- **Activity**
Produce a word-for-word copy of the data that follows, excluding images.

- **The data**
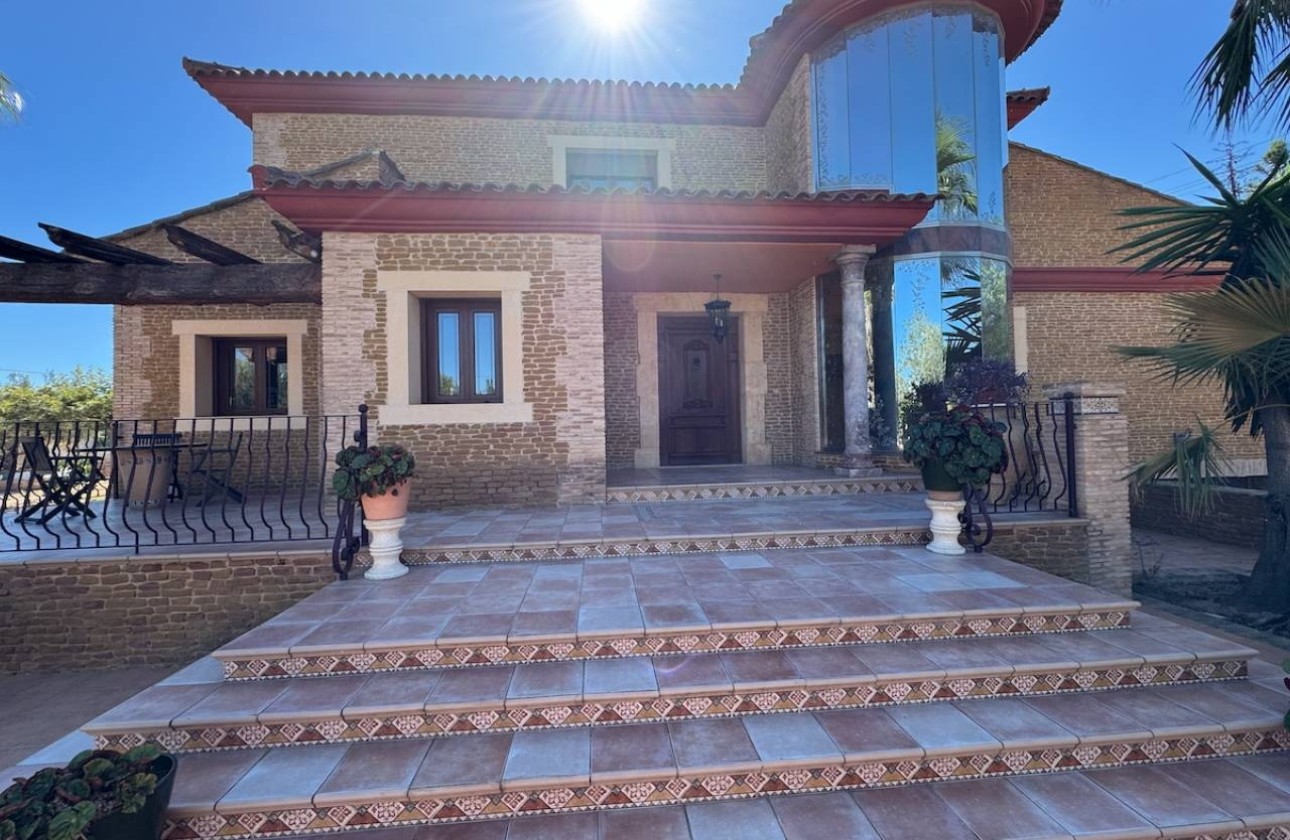 Venta - Finca / Casa de campo -
Los Montesinos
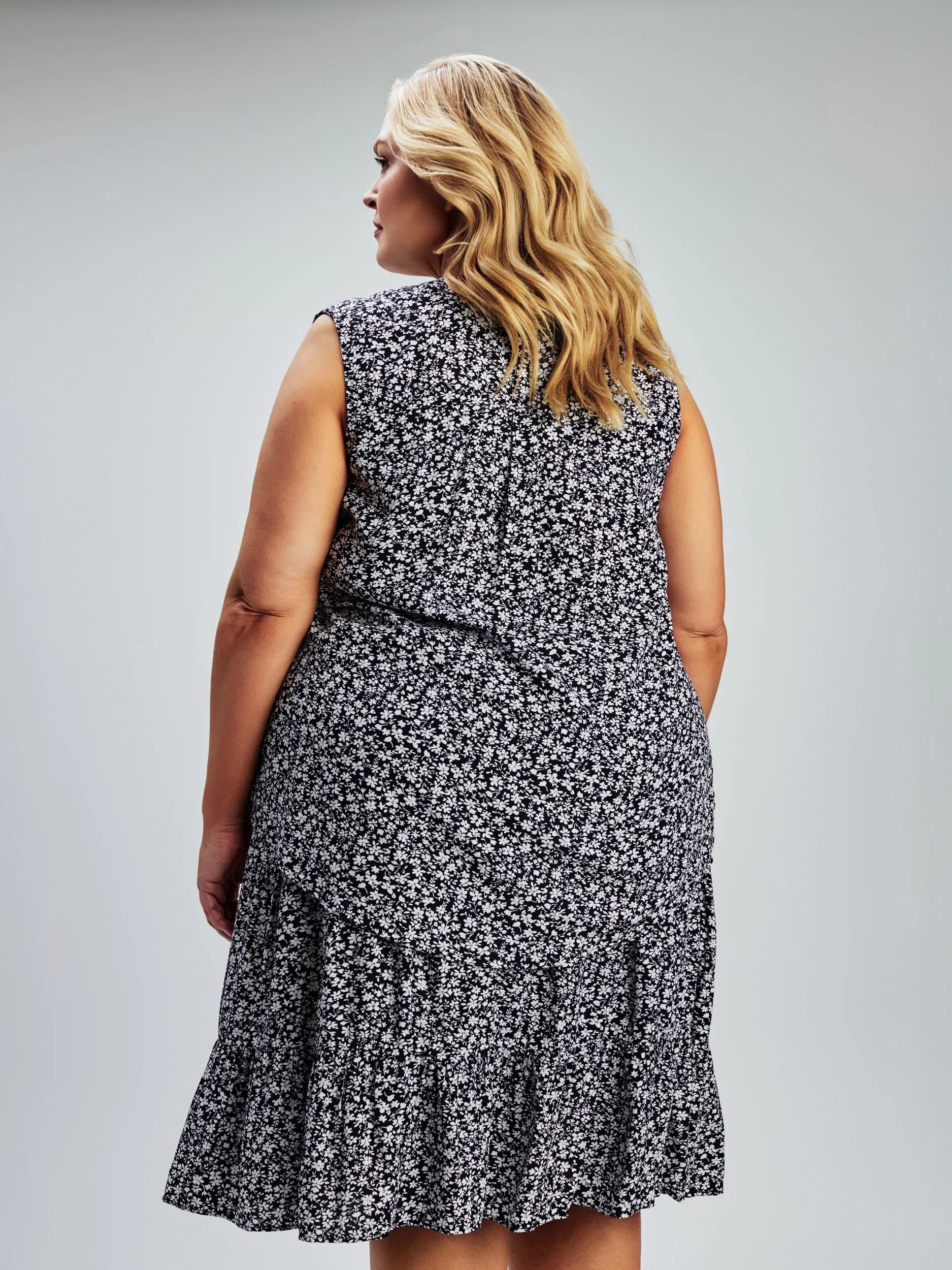 Sleeveless Blouse sold by Claire France product image thumbnail 3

- **Task output**
 Venta - Finca / Casa de campo -
Los Montesinos
 Sleeveless Blouse sold by Claire France product image thumbnail 3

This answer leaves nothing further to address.